PTO Asks Whether Legislative Action for Experimental Use Exception Is Warranted | McDermott Will & Emery
The US Patent & Trademark Office (PTO) issued a request for comments concerning the public’s views on the common law experimental use exception and whether Congress should enact a statutory experimental use exception. 89 Fed. Reg. 53963 (June 28, 2024).
The experimental use defense for alleged patent infringement has been part of US jurisprudence for more than 200 years. The current state of experimental use exception jurisprudence in the United States is set forth in Madey v. Duke University, 307 F.3d 1351 (Fed. Cir. 2002). In that case, the Federal Circuit proffered a “very narrow and strictly limited experimental use defense” prohibiting an alleged infringer from invoking such a defense for “use that is in any way commercial in nature” or “any conduct that is in keeping with the alleged infringer’s legitimate business, regardless of commercial implications.”
The Madey decision has been met with a mix of opinions, some arguing that the Federal Circuit’s construction encourages innovation and others arguing that it impedes innovation. Limited exemptions have been carved out in the US. For example, 35 U.S.C. § 271(e)(1) established a safe harbor (the Bolar exemption) allowing for the experimental use of a patented invention by parties to collect regulatory approval data for medical devices or drugs. The Plant Variety Protection Act also provides for exemptions allowing the use of protected plant varieties for research and breeding of new varieties.
While many European and Asian nations have statutory experimental use exceptions in place, legislative efforts for codifying a statutory experimental use exception in the US have thus far failed. With the intent to promote fair competition and innovation, the PTO seeks to revisit this issue by collecting the public’s views on the impact of the experimental use exception in all technology areas. Of particular interest, the PTO seeks comments on one or more topics, including:
- How current US experimental use exception jurisprudence impacts investment and/or research and development in any field of technology.

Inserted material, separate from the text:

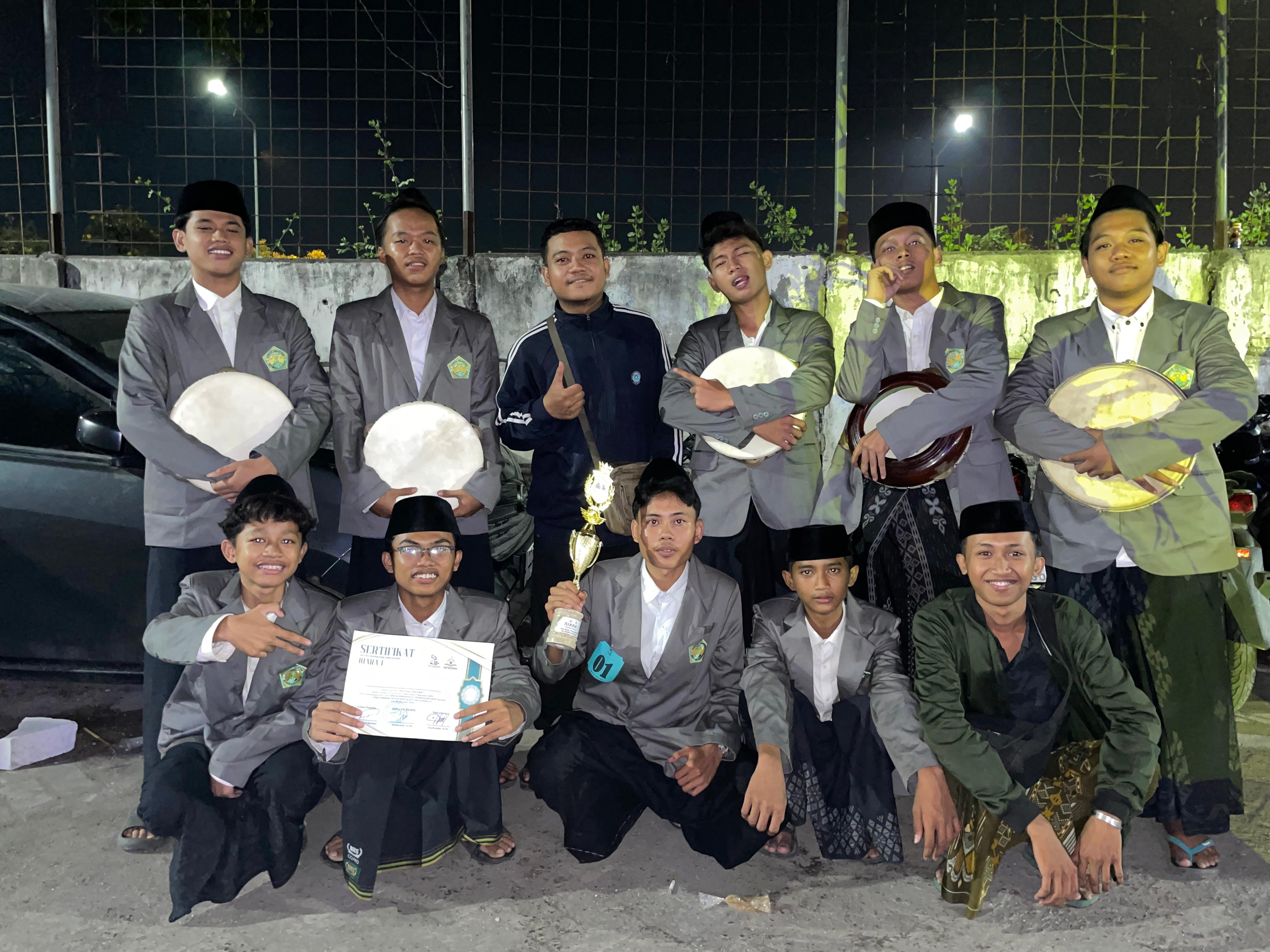 Foto Bersama Tim Hadrah PPYU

- Whether certain technologies are negatively affected by the current experimental use exception jurisprudence.
- The impact that a statutory experimental use exception would have on the innovation and commercialization of new technologies with respect to research and development, ability to obtain funding, investment strategy, licensing of patents and patent applications, product development, sales (including downstream and upstream sales), competition, and patent enforcement and litigation.
- The impact of current experimental use exception jurisprudence on decisions made with respect to filing, purchasing, licensing, selling or maintaining patent applications and patents in the US.

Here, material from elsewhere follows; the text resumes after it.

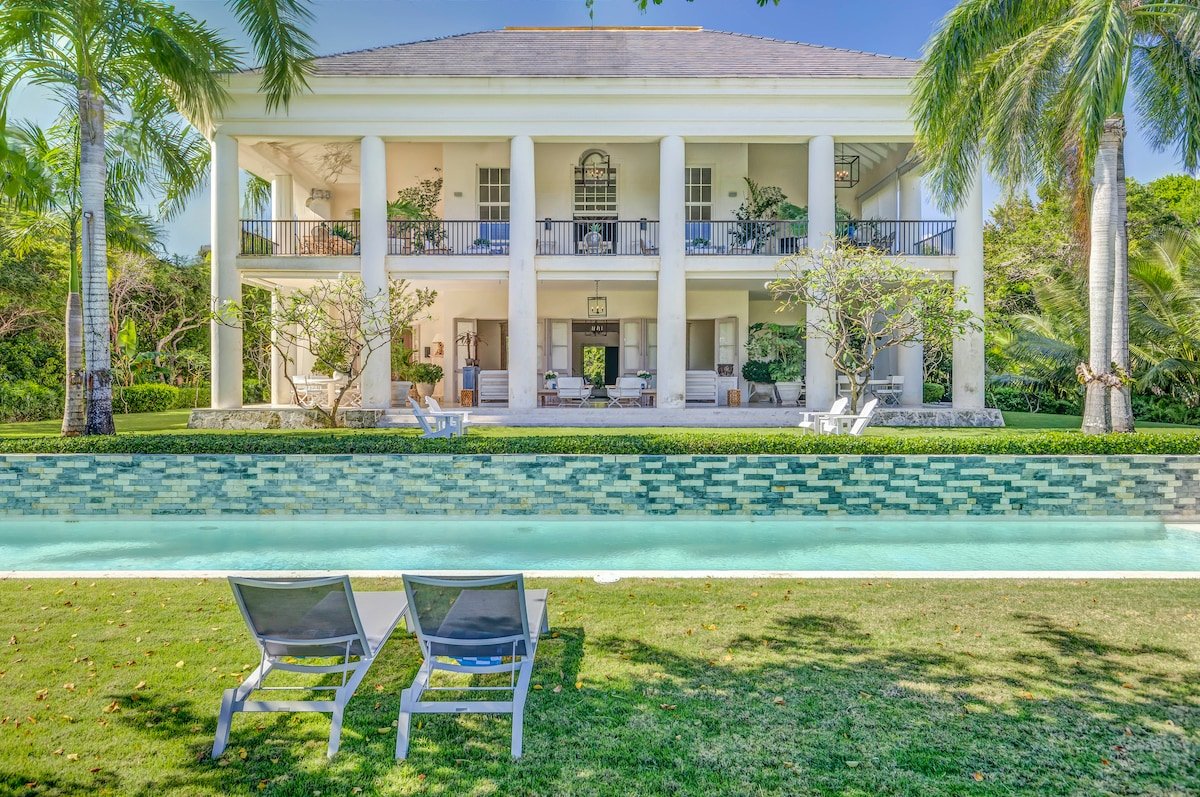 Corales 114 – Stunning Marble Estate Villa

- Reasons for adopting a statutory experimental use exception or maintaining the status quo.
- How a statutory experimental use exception should be defined to ensure that patent rights are preserved.

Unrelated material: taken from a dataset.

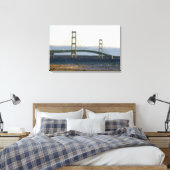 De Mackinac Bridge die de Straat van 3 overspannen Canvas Afdruk (Insitu (Slaapkamer))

- Recommendations for enhancing and facilitating experimental research on patent inventions in the US.
When responding to the questions, commenters are further asked to identify whether they represent, for example:
- An inventor, patent owner or investor.
- A licensee or user of patented technology.
- An entity representing inventors or patent owners (g., law firms).
- A recipient of demand letters concerning alleged patent infringement or accused infringers in a patent lawsuit.
- An entity representing accused infringers.
- A government agency or official.
- An academic or research institution.
- An intellectual property organization or association.
- A nonprofit organization or advocacy group.
For further details, see the PTO’s request here.
Written comments must be received on or before September 26, 2024, through the Federal eRulemaking Portal.